**DATASET EXCERPT:**
=====

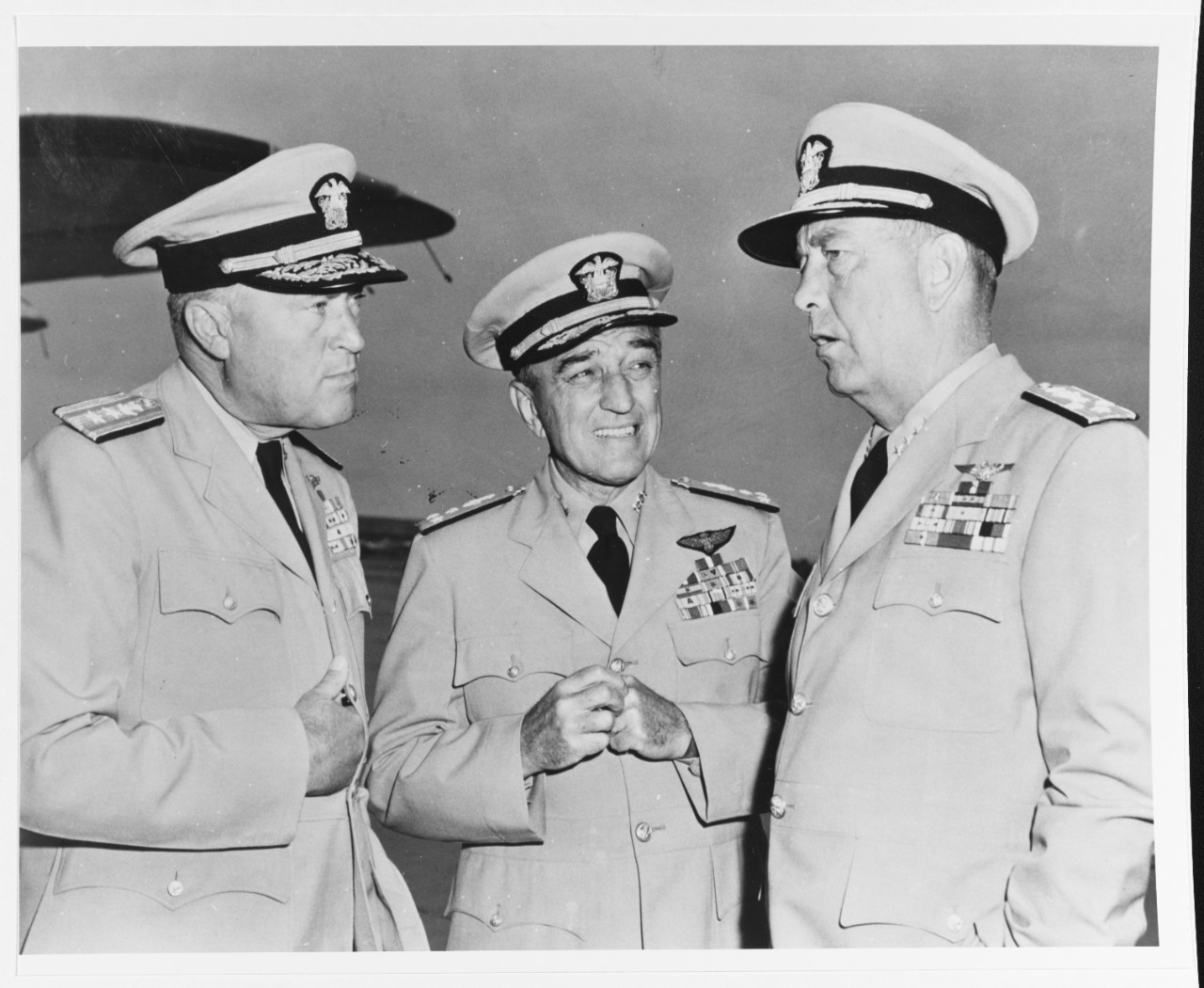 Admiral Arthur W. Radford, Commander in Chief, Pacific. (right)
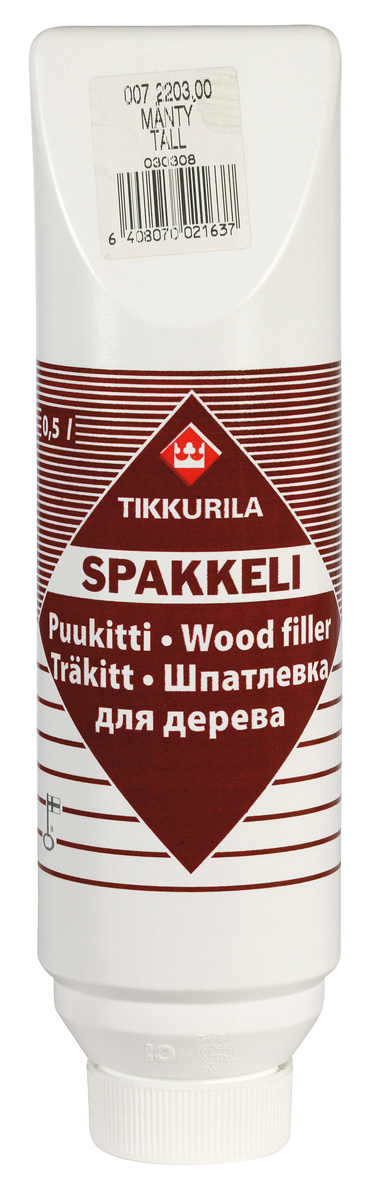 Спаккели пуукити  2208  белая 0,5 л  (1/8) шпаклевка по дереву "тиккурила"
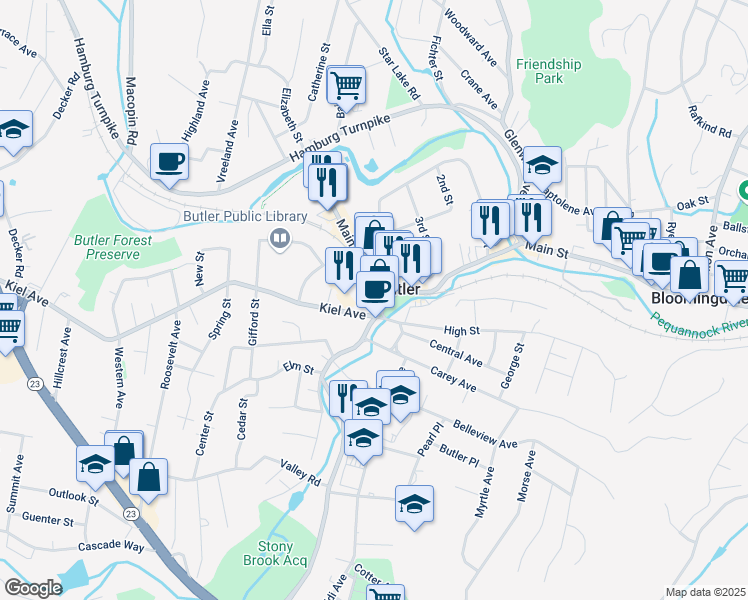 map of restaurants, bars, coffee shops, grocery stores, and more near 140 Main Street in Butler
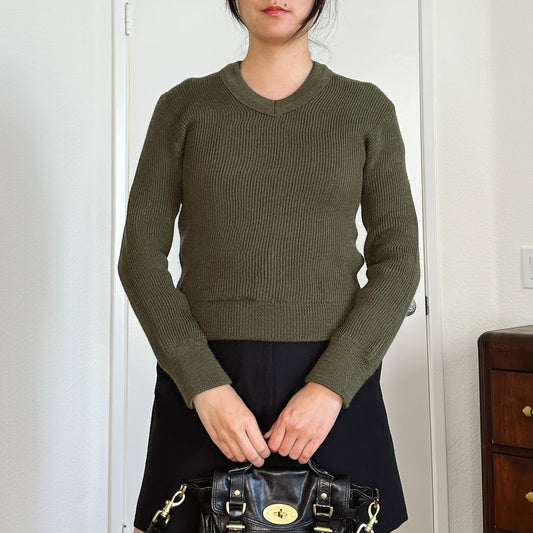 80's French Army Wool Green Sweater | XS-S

=====

**WHAT YOU NEED TO DO:**
Leaving the pictures aside, copy exactly and only the lines from the one holding "map of restaurants, bars, coffee" through the final line of the data, both ends kept.

**YOUR SOLUTION:**
 map of restaurants, bars, coffee shops, grocery stores, and more near 140 Main Street in Butler
 80's French Army Wool Green Sweater | XS-S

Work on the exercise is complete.